Why Rightbrain
The problem: most AI never makes it to production
95% of AI proofs-of-concept fail before deployment. Not because the models don’t work, but because everything around them doesn’t.
Teams spend months building scaffolding: APIs, infrastructure, observability, compliance, rollback logic. By the time it’s ready, the opportunity has passed.
8 months is the average time it takes a team to move from prototype to production. Most never make it.
The real bottleneck: operations, not intelligence
Prototypes are easy. Production is hard.
The infrastructure trap
“Week 1: we built a compelling demo.” “Week 4: we need error handling.” “Week 8: where are the logs?” “Week 16: the compliance team has questions.” “Week 32: let’s start again, properly this time.”
Teams build everything from scratch, only to realize they needed versioning, audit trails, and rollback from day one.
The Rightbrain approach: agents you can operate
Rightbrain replaces custom infrastructure with agents that intelligently use the four primitives you make available to them (tasks, skills, collections, and connections — each managed and versioned independently) and a set of production controls that come built in: human-in-the-loop approvals, evals, fallback models, versioned revisions, and a tamper-evident audit log.
Rightbrain turns AI from an experiment into an operational system.
Proof in action: PAL.health
Goal. Launch a production-ready AI health coach app without building any AI infrastructure.

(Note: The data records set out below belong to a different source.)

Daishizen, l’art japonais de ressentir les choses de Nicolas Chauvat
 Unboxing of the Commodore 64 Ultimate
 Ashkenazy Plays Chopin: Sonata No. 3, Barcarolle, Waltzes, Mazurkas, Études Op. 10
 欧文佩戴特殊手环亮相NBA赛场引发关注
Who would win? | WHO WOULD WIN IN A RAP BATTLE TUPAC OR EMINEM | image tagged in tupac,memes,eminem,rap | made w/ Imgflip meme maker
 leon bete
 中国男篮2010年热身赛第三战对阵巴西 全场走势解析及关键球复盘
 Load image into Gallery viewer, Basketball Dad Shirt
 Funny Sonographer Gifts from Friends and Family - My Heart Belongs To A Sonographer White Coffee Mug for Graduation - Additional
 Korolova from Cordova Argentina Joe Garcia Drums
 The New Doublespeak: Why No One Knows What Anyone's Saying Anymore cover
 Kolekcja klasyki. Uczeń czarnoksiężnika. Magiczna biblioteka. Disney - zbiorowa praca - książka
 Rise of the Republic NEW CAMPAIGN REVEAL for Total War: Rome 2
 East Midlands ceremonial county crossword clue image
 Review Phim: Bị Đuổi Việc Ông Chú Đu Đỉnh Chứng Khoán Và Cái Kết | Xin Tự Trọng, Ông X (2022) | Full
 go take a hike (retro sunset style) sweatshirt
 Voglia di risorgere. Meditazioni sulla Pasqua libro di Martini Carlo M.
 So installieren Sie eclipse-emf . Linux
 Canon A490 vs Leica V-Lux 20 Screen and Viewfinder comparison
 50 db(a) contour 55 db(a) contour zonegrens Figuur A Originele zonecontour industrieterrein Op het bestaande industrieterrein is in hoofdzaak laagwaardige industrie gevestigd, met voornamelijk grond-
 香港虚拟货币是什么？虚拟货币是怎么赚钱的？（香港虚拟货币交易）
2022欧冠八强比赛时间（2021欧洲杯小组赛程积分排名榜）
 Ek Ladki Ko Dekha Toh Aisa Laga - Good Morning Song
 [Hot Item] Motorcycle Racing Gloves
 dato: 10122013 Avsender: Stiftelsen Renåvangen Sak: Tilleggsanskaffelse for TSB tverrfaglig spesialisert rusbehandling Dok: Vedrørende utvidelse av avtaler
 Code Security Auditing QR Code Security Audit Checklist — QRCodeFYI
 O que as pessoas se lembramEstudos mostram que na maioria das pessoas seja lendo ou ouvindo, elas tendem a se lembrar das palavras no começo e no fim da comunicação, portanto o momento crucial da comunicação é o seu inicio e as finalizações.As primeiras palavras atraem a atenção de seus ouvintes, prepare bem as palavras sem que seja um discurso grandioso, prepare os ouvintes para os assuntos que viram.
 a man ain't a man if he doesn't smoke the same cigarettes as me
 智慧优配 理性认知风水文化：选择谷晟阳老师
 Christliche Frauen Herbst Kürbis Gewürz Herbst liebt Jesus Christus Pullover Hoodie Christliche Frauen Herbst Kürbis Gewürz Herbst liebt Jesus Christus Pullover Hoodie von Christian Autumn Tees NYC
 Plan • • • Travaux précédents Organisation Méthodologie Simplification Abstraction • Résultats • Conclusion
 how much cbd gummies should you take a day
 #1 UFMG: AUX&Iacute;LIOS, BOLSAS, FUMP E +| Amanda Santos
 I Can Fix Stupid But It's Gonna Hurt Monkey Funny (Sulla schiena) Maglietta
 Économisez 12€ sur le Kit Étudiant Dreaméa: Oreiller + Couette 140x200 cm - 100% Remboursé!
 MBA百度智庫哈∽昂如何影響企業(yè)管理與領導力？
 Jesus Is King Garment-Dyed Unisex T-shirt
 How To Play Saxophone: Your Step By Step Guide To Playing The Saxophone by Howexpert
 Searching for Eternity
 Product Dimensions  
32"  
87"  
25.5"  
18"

Solution. Rightbrain powers every AI feature in their platform.
Results.
- 20+ AI agents live in production
- 1 engineer needed to operate them
- Model swaps and fixes shipped daily, without a rebuild
I can switch models, fix issues, and ship updates daily without waiting on engineers. Without Rightbrain, this simply wouldn’t be possible.
— Chris Davison, Founder & CEO, PAL.health
We started with one agent where we knew we’d see value. Now we’re stacking different use cases as we uncover new processes to automate.
— Joe Mclaughlin, Account Director, Rocket SaaS
Reliability and governance you can show
The operational story is not a promise; it is instrumented.
- Reliability, proven. Give any agent a fallback model and a provider outage fails over mid-run without restarting, preserving the work done so far. The run records which model served it, why the primary failed, and the per-model token and credit split, so you get reliability and observability at once. You can rehearse this before it happens: chaos testing injects deterministic tool and model faults into a run and lets you inspect the recovery.
- Governance, by construction. Runs, sessions, and history never leave the project that owns them. When you share an agent, a public link is read-only inspection, never execution; when you clone one into another project, secret-bearing connections copy as metadata only and come across marked for re-authentication. Every project keeps control of its own credentials, model policy, and runtime history.
- Speed, measured. One workspace-intelligence agent read 24,200 characters across a set of documents through a Notion MCP connection and returned a 5,200-character weekly briefing, a 4.7x compression, in 107.8 seconds from a single API call, with Rightbrain managing the OAuth token lifecycle throughout.
Why it matters
Companies that win with AI aren’t the ones with the biggest models. They’re the ones that ship fast, iterate safely, and scale predictably. Rightbrain gives you the foundation to do exactly that, from an idea in natural language to a production agent in a fraction of the time.